The actual file I am reading in is a web server log, but I have created a small example to illustrate my problem:
This is the ITEMSSOLD.CSV
file I read in:
CUST,DT,ITEM,PRICE
BigJoe,10/13/2010,Pickup Truck,20000
TightWad,10/13/2010,USB Drive,12
Jane,10/13/2010,Smart Car,30000
Scrooge,10/13/2010,Gumdrops,1
GeekyMan,10/13/2010,Smart Car,30000
I read this into a data frame as follows:
sales_df <- read.table("C:/R_Expt/ItemsSold.csv", header=TRUE, sep=",")
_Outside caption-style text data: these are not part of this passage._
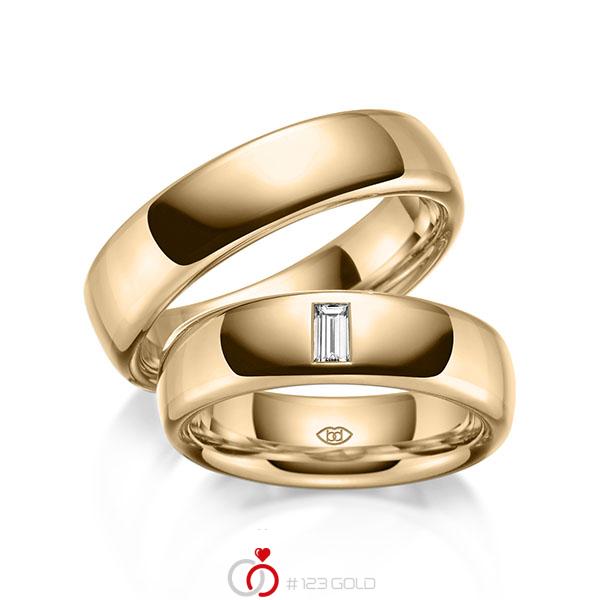 Paar klassische Trauringe/Eheringe in Roségold 585 mit zus. 0,15 ct. Baguette-Diamant tw, vs von 123gold - Y-1444-6 Paar klassische Trauringe/Eheringe in Roségold 585 mit zus. 0,15 ct. Baguette-Diamant tw, vs von 123gold - Y-1444-6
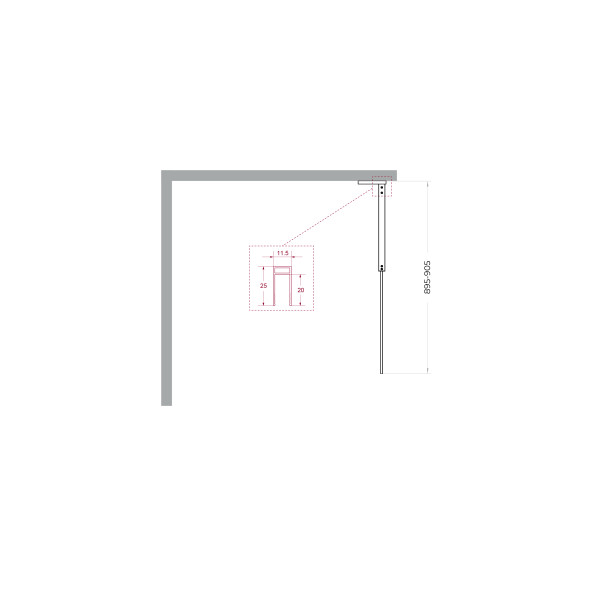 Душевое ограждение BelBagno Uno 90x200 стекло рифленое, профиль оружейная сталь матовая (UNO-L-1-TB-90-FL-GM)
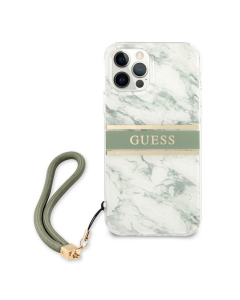Maska za iPhone 12/ 12 Pro Guess Marble Strap zelena - GUHCP12MKMABGN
I then did a subset to get the high-ticket items as follows:
big_sales_df <- subset(sales_df, PRICE>100)
big_sales_df
big_sales_df
CUST DT ITEM PRICE
1 BigJoe 10/13/2010 Pickup Truck 20000
3 Jane 10/13/2010 Smart Car 30000
5 GeekyMan 10/13/2010 Smart Car 30000
So that looks OK.
When I try to plot it via qplot
as follows:
qplot(nrow, ITEM, data = ddply(big_sales_df, .(ITEM), "nrow"))
the resulting plot shows all the ITEMS on the Y axis, instead of only Pickup Truck and Smart Car.
The ddply()
alone produces the following output:
ddply(big_sales_df, .(ITEM), "nrow")
ITEM nrow
1 Pickup Truck 1
2 Smart Car 2
Since the example has a small number of ITEMs, the plot is still readable, but in real life, I am trying to plot the names of slow web pages and unfortunately, qplot()
tries to put the names of all webpages along the Y axis and it becomes a black blur.
I tried sqldf()
also:
qplot(NSOLD, ITEM, data = sqldf('select ITEM, count(*) as NSOLD from big_sales_df group by ITEM order by count(*) desc'))
but this produces the same plot.
What I understood is that subset()
is somehow carrying the full parent information inside, instead of just the matched rows.
Is there any way of telling subset()
that it should only keep the relevant information?
Or any other way of getting around subset()
carrying along the empty members?
I know that a brute force method might be to write the result of the subset()
into another CSV file and then read it back in a data.frame
, but I am sure there is an easier way.
Many thanks to all your R gurus out there!
Atish